Accordingly, Harry Nicholls’ life insurance plan is covered by ERISA.
Second, on the face of the complaint, plaintiff implicitly argues that he is a beneficiary
seeking to recover benefits due him under the terms of the plan based on his status as heir at law
of Harry Nicholls. Moreover, the insurance plan provides that:
If no named beneficiary survives you or if no beneficiary has been named,
payment will be made as follows to those who survive you:
Your spouse, if any.
If there is no spouse, in equal share to your children.

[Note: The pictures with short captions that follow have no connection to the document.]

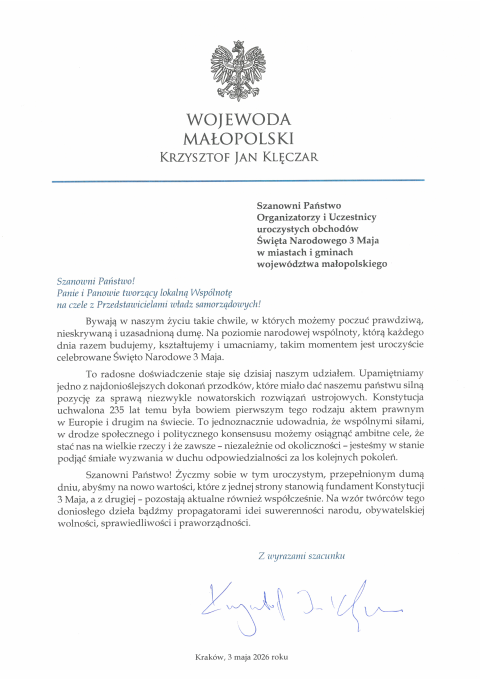 List wojewody małopolskiego Krzysztofa Jana Klęczara na Święto Narodowe 3 Maja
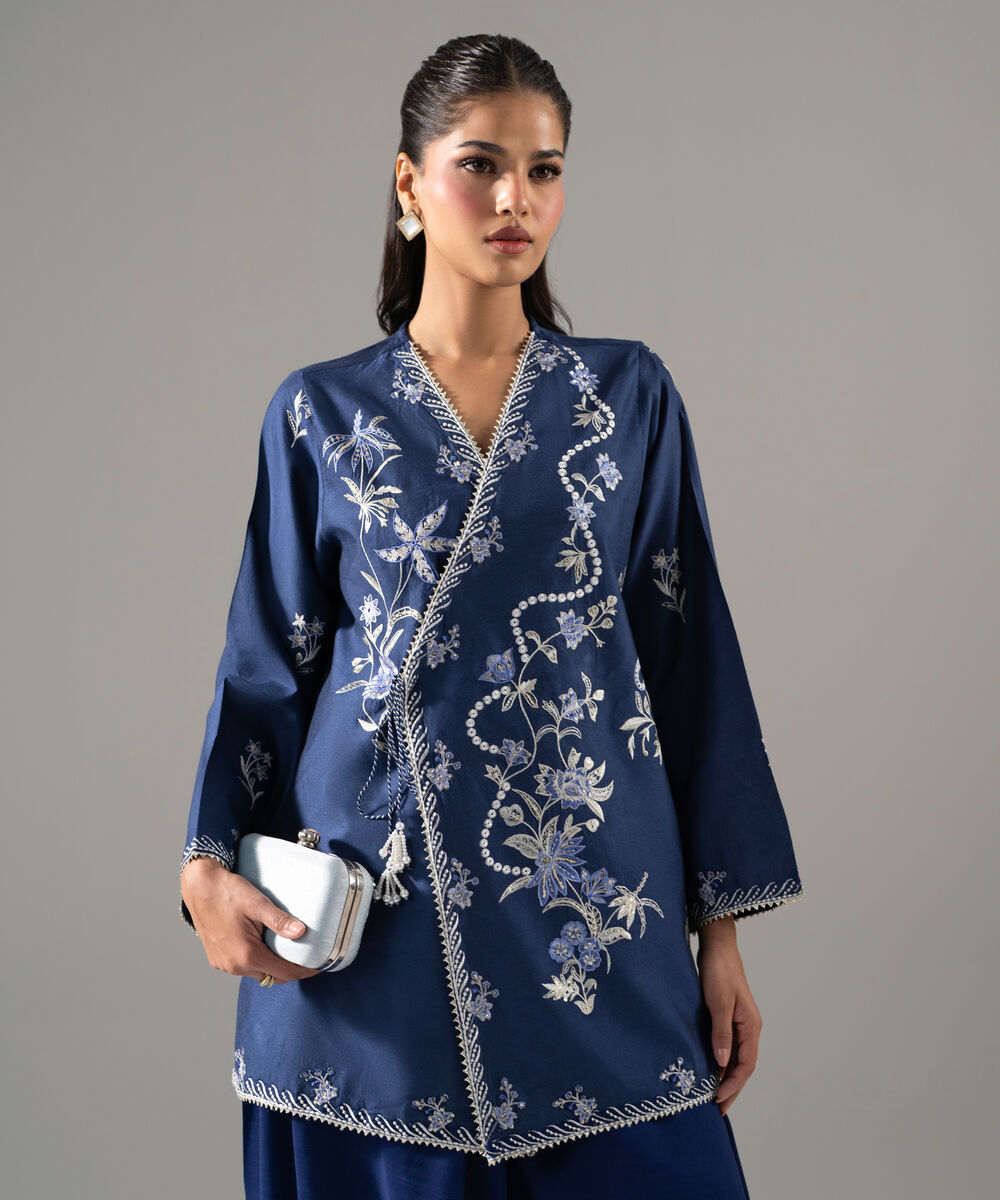 Women's RTW Cotton Net Solid Embroidered Blue 2 Piece Suit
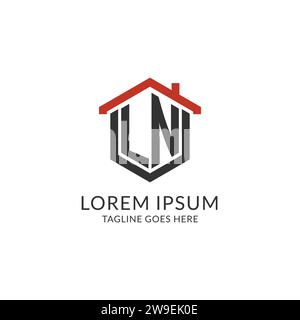 Initial Logo LN Monogramm mit Hauptdach sechseckförmigem Design, einfache und minimalistische Real Estate Logo Design Vektorgrafik Stock Vektor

Plaintiff’s complaint alleges that since Barbara Nicholls relinquished her rights as
beneficiary via contract with Harry Nicholls, plaintiff is entitled to life insurance payments. As
plaintiff’s action seeks a court order that he is the lawful beneficiary of the plan, his argument
that he is not a beneficiary cannot stand.
Third, 29 U.S.C. § 1132(e)(1) does authorize concurrent state court jurisdiction. It
Except for actions under subsection (a)(1)(B) of this section, the district
courts of the United States shall have exclusive jurisdiction of civil actions
under this subchapter brought by the Secretary or by a participant,
beneficiary, fiduciary, or any person referred to in section 1021(f)(1) of this
title. State courts of competent jurisdiction and district courts of the United
States shall have concurrent jurisdiction of actions under paragraphs (1)(B)
and (7) of subsection (a) of this section
In turn, subsection (a)(1)(B) provides:
A civic action may be brought by a participant or beneficiary to recover
benefits due to him under the terms of his plan, to enforce his rights under the
terms of the plan, or to clarify his rights to future benefits under the terms of
Accordingly, state courts have concurrent jurisdiction. Nevertheless, this argument is irrelevant
as federal removal statutes expressly contemplate concurrent jurisdiction in all cases eligible for
removal. 28 U.S.C. § 1441. Indeed, “[t]he general rule is that absent an express provision to the
contrary, the removal right should be respected when there is concurrent jurisdiction.” Yurcik v.
Sheet Metal Workers’ Intern. Ass’n 889 F. Supp. 706 (S.D.N.Y. 1995); See also Breuer v. Jim’s
Concrete of Brevard, Inc., 538 U.S. 691, 693 (1882) (holding that statutory authority to file in
any federal or state court does not bar removal).
Finally, plaintiff argues that remand is necessary because Aetna failed to provide notice to
all other parties that may have an interest in this action pursuant to Connecticut declaratory
judgment law. Plaintiff provides no authority for this proposition, and the Court will not remand
based on this argument. The Court will order such notice if appropriate.
For the foregoing reasons, plaintiff’s motion to remand is DENIED.
Dated this 30th day of October, 2013, at Bridgeport, Connecticut.